West Virginia Attorney General Patrick Morrisey, along with officials in Arizona, Colorado, Florida, Texas, Kentucky and other states, filed federal Freedom of Information Act requests Wednesday to find out why the EPA has yet to publish the so-called Clean Power Plan in the Federal Register.
The plan — which limits carbon emissions from U.S. power plants and will raise electricity rates for most Americans, federal data show — was finalized in early August.
More than two months later, it has yet to be published in the Federal Register, and that delay is preventing states from mounting legal challenges to the plan, Mr. Morrisey and others say.
“Publishing a rule typically occurs much faster than it has in this case. Our goal is to understand the cause behind the unusually long delay between the finalization and publication of the Clean Power Plan,” Mr. Morrisey said in a statement. “We want to help the public understand why one of most widely criticized rules in our nation’s history is being subject to such unexplained delays. This harms the states and undermines the availability of review by our courts.”
States and energy companies are certain to sue over the regulations, which form the centerpiece of Mr. Obama’s broader climate-change agenda.
Previous court decisions, however, have made clear that lawsuits challenging the Clean Power Plan cannot be filed until the rules are finalized and formally published. As a result, EPA’s delay — much longer than the typical period for publishing rules in the Federal Register, which often takes just a matter of weeks — has left states in the position of crafting plans to meet the new carbon standards without the ability to challenge the plan in court.
In a statement, the agency said it has no control over the Federal Register process but expects the rules to be published within the next few weeks.
“EPA is following the normal process with the Office of the Federal Register, and has sought expedited publication of the Clean Power Plan. The Office of the Federal Register is a separate agency, and EPA does not control the timing of publication. EPA expects, based on past experience with other large rules, that the final rule will be published in the Federal Register by late October,” EPA spokeswoman Laura Allen said in an email.

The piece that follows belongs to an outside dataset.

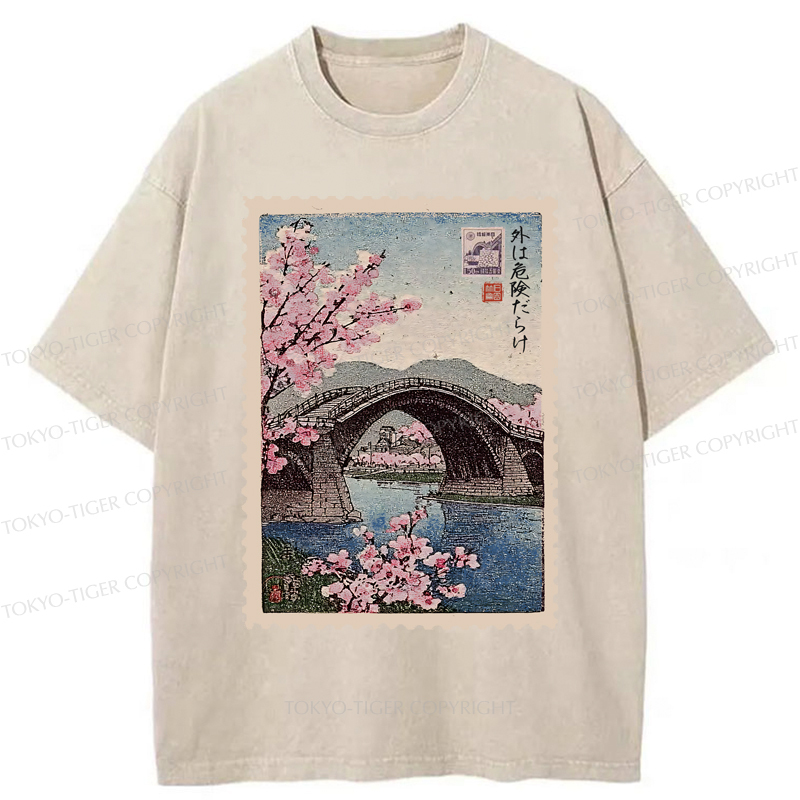 Tokyo-Tiger Vintage Attraction Stamp Washed T-Shirt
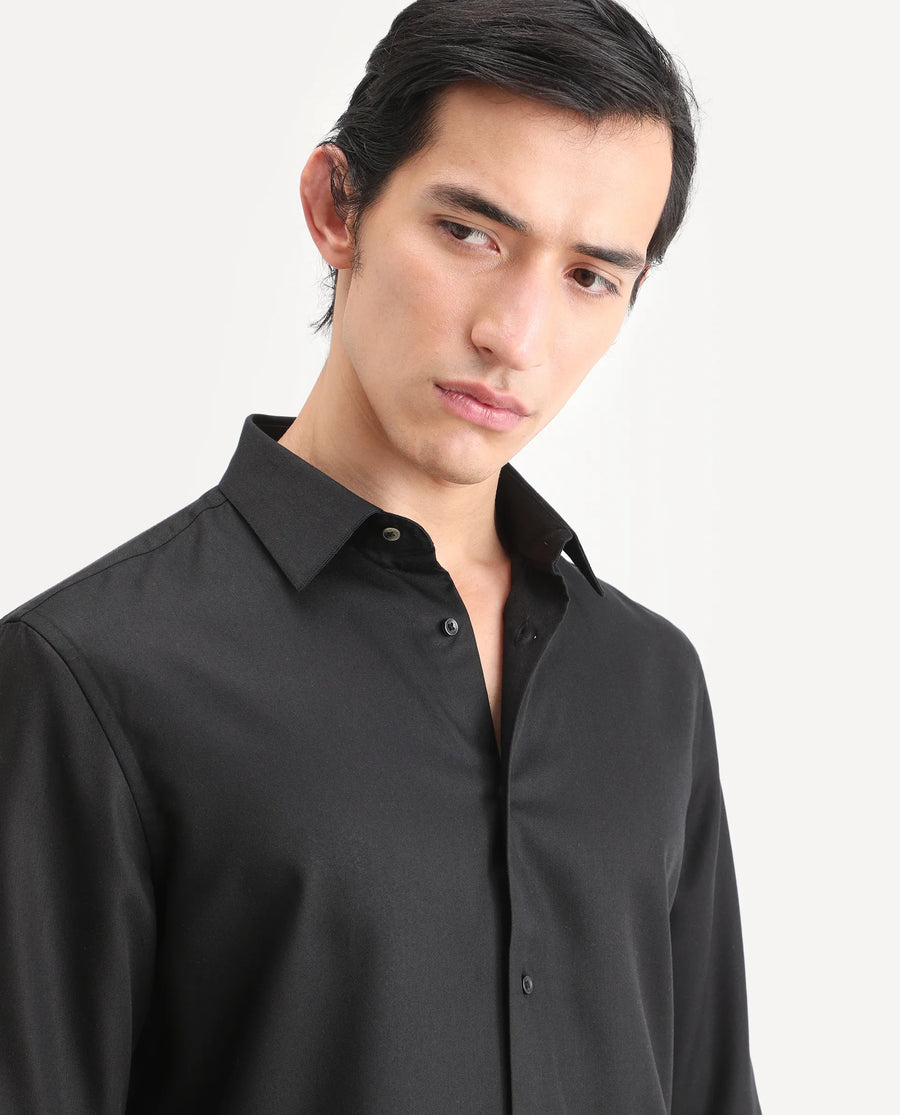 Rare Rabbit Men's Dream Black Tencel Fabric Full Sleeve Spread Collar Regular Fit Plain Shirt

Agency officials added that while it’s common for some rules to be published within weeks, the Clean Power Plan is so large it’s simply taking more time to complete the process. The rule, finalized on Aug. 3, is more than 1,500 pages long.
Meanwhile, Republicans on Capitol Hill say the regulations, and the way in which they’re being implemented, have put states in a bind. Under the plan, states are required to come up with their own methods for reducing power-plant pollution to meet the EPA’s broader goal of cutting overall U.S. carbon emissions by 32 percent by 2030.
If states fail to develop their own plans, the EPA will do it for them.
Many lawmakers say the framework is problematic on several fronts, chiefly because states must immediately begin figuring out how to comply with the plan even though it may ultimately be struck down in court.
“The threat of being subject to a federal plan is putting states between a rock and a hard place — either devote significant state resources to develop a state plan in response to a rule that is likely to be struck down by the courts, or become subject to mandatory federal controls in less than a year after rule’s publication,” Rep. Fred Upton, Michigan Republican and chairman of the House Energy and Commerce Committee, said at a Wednesday House hearing on the administration’s climate agenda.